After school program provides option for students who fall behind

For the third year in a row, teens are getting a second chance to earn a high school diploma or complete a general equivalency diploma (GED) through the Gateway After School Program.

The Sweet Home High School program is a part of the three-year Community Learning Center’s grant program. The program is in its final year.

The purpose of the program is two-fold, teacher Pat Davis said. Most of the students in the class are preparing to take GED tests. Gateway also offers credit retrieval for students who have been working but slip behind in credits.

Davis works with all of the teachers, who help establish what work is necessary for a student to earn the missing credit. Teachers can also veto credit retrieval for students who were goofing off or simply not showing up to class.

It is aimed at students who were involved in the class but for some reason got behind, Davis said. Those students are mostly juniors and seniors who are getting nervous about not having enough credits to graduate.

The key for them is to graduate on time, Davis said. They realize they are behind and go see a counselor who refers them to Davis.

Right now, Sweet Home High School has five students in credit retrieval programs. They work an independent course of study based on what a teacher requires. Their courses for retrieval may range from making up missed assignments to something more elaborate. That depends on the individual student’s specific situations.

Those students are required to spend two and a half hours per week in the credit retrieval program but attend school normally during the day.

Students in the GED program attend class from 3 p.m. to 6 p.m. when Davis provides preparation for GED testing.

Getting a GED is not easy any more, Davis said. Until January, the GED was easier to achieve, Davis said, but the standards for earning it were increased then. A typical program takes two to three years prior to testing. The students in the GED program are high-school age youths who dropped out or fell so far behind they won’t graduate until they’re 20 or 21 years old.

This is not the easiest road to take, Davis said. “I tell kids when they come in, ‘Do the four years. It’s easier than trying to do the GED.’ I say, ‘Where are your friends right now (after school)?’ They’re out doing what they want to do.’ We don’t want it to get to the point they think it’s easier because it’s not.”

For 99 of 100 students, Davis said he would suggest avoiding going for a GED and earn a high school diploma instead. The ones who need the GED are those who dropped out as sophomores and are getting older.

Linn-Benton Community College still operates its own GED program, Davis said. “Typically, what some of these guys have conveyed to me, you’re going to find adults in classroom settings, like a college class.”

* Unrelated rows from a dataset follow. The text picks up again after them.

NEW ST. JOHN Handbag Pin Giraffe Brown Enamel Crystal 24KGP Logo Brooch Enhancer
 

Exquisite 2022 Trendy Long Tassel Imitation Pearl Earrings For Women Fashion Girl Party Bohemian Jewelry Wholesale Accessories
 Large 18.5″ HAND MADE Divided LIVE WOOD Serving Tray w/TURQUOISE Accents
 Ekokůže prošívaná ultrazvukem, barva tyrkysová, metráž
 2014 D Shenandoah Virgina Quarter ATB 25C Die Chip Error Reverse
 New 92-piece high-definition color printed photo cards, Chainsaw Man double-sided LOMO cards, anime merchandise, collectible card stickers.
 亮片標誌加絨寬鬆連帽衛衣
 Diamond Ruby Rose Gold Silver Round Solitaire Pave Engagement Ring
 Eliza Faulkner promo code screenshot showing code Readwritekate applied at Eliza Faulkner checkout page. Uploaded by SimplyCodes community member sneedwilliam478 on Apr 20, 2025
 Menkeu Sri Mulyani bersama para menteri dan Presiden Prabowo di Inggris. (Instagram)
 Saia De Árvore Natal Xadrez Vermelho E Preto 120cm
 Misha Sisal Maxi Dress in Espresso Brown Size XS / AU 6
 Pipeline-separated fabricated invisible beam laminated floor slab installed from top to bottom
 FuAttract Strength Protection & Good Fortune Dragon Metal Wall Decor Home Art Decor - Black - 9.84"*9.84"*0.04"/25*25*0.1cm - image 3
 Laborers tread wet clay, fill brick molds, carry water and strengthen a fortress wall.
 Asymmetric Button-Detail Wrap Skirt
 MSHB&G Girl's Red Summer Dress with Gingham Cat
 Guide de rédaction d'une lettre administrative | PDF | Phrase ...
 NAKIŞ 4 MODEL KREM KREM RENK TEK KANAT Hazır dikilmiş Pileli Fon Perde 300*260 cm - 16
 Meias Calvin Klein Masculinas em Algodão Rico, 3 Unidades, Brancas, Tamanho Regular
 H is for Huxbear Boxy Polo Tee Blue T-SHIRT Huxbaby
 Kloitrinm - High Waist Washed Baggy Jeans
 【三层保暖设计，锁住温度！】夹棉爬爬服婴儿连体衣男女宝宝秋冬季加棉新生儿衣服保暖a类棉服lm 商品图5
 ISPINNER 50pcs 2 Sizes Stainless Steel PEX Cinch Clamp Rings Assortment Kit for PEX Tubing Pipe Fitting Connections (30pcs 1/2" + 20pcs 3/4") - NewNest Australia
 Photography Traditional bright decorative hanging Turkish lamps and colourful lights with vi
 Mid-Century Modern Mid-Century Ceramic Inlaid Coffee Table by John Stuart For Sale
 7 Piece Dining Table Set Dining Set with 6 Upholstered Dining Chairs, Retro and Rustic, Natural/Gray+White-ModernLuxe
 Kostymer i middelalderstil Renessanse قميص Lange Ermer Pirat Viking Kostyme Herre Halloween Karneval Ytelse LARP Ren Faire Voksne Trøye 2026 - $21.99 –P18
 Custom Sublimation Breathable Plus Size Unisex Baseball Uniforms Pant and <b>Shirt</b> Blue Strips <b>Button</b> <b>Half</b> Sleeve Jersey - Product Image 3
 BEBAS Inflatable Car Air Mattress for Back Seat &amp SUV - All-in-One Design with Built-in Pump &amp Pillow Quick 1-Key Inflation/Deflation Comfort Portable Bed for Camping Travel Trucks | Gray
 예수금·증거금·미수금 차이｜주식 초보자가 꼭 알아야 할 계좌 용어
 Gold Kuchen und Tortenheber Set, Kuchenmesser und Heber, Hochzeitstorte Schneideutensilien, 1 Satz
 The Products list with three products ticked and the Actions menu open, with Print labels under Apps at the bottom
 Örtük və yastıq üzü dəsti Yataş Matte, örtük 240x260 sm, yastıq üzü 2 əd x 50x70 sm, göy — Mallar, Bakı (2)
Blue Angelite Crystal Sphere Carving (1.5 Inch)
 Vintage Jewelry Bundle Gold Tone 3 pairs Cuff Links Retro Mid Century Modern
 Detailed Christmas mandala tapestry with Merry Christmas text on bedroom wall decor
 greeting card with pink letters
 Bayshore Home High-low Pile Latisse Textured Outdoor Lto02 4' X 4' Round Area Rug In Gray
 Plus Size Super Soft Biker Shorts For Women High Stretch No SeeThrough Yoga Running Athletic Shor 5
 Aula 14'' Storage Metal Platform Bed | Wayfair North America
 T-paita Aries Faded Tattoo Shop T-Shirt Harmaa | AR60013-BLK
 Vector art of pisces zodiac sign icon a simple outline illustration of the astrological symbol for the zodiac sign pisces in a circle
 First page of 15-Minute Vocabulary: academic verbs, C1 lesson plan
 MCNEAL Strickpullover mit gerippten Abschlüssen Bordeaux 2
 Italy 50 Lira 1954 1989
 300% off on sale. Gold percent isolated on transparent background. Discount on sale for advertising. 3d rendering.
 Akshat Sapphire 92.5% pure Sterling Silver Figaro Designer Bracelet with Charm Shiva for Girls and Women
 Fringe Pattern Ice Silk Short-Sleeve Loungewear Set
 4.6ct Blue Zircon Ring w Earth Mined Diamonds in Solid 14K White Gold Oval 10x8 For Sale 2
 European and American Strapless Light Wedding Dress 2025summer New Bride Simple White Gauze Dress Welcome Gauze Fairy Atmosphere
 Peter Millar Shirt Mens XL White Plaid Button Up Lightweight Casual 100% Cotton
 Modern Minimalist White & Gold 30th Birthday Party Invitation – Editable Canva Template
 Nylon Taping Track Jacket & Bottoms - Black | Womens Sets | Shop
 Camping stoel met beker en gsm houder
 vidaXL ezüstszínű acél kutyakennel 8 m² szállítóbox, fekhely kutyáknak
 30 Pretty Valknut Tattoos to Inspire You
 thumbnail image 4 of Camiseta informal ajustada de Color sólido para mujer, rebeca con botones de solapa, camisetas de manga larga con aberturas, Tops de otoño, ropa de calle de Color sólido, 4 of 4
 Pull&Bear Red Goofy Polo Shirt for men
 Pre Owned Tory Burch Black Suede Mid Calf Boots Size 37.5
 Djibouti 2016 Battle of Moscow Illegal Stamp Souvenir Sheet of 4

That’s why high-school age students would rather attend the high school program, Davis said.

Davis would like “to build the program to the point where it’s consistent, to make it a positive thing so it’s here at all times, so it’s an option though not the first option,” he said. He wants it to be an avenue where youths can achieve their goals.

Most of his students choose to be there finishing their education, Davis said. He is just a facilitator.

In his first year working in the program, he has had one student complete credits to graduate after falling shy of what was needed to make it at the end of the last school year.

“We gave him his diploma,” Davis said. “It was a big deal because it was a difficult road for this young man.”

Three students in credit retrieval right now are on track to walk with their class at graduation, Davis said. One will take a little longer. In the GED part of the program, Denise Bonneville, 17, is nearly done and expects to earn her GED in February.

Living in Albany, Bonneville started her GED courses at LBCC. Later, she moved to Sweet Home to live with her father. She started in the program at SHHS. where she can get more one-on-one time with the teacher in a more comfortable atmosphere for a high-school age student.

“I dropped out when I was a freshman,” Bonneville said. “I want to go somewhere before I’m 21.”

To finish a high school diploma at this point would take another four years. She would be 21 before she earned it.

“I didn’t like high school,” Bonneville said. “It wasn’t for me. I didn’t like it.”

Dropping out left her somewhere she decided she didn’t want to be, affecting her employment opportunities.

“I wouldn’t be able to get the job I want,” Bonneville said. “I’m actually going for nursing. I guess I didn’t want to work at Safeway or McDonald’s the rest of my life.… I go home and study. I study all the time. I don’t … mess around. I study.”

She plans to wrap up her GED quickly, after beginning only in May.

She plans to attend LBCC right away, working a job to help attend school and receiving help from her father. There she plans to earn a college transfer degree then attend the University of Oregon.

To her peers, she offers, “don’t mess around with your life. If you’re in GED, don’t just be there because you have to be. Be somebody. Just because you dropped out of high school doesn’t mean you can’t be somebody.”

She recommends not even getting to that point. Bonneville said she definitely spends more time studying now than she would have had to in high school.

“It’s difficult at times,” Bonneville said. “You have to be really determined, I guess.”